Li Bing, founder of the Shanghai Oasis Ecological Conservation and Communication Center, talks about food banks around the world
In 1967, the world’s first food bank came into being in Arizona, United States, to collect leftovers from enterprises, retailers and individuals before distributing them to the needy, according to the Global Food Banking Network.
Food banks are the most developed in North America and Europe where there is a long history of charity undertakings. Based on findings by the network, there are more than 160 food banks in 13 countries in the regions.
According to Li, the introduction of food banks to Asia has come relatively late because of the development of NGOs, differing philosophies regarding sharing and food safety concerns. However, food banks in South Korea, Singapore, Hong Kong and Taiwan are currently doing very well. “Through work experience in the past two years, I’ve been to many
countries to see how their food banks work to help people,” said Li.
Food banks around the world usually receive financial aid from businesses, churches, and foundations.
In Europe, the authorities charge high fees for food enterprises who want to dispose of products that are past their shelf lives and this encourages companies to proactively contribute to the food banks as they get to save costs and help the needy at the same time.
Carrefour in France and Tesco in the United Kingdom are two major supporters of the food banks and one important policy in these countries is that food is safe to consume even after the “best before” dates.

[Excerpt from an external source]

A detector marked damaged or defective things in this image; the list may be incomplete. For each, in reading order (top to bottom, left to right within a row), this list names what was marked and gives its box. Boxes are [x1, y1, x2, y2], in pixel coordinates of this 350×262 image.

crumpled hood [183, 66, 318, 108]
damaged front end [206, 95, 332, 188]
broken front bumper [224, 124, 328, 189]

For example, bread can still be eaten within three days after their “best before” dates. Canned food, on the other hand, is still safe for consumption up to a year after.
When food items are not sold before their “best before” dates, supermarkets usually donate them to the food banks and this act in part helps the government provide support to the poor. These foreign food banks also have a large volunteer team to do the sorting of the donated food both from enterprises and individuals.
In some countries in South America, some NGOs will even charge recipients delivery fees to ensure the sustainable operation of the food banks.
Li said that there is a very mature food bank system in South Korea that enjoys strong government support. The bank has also designed a smartphone app so that all participants involved receive up-to-date information about the entire logistics process of each batch of donated food.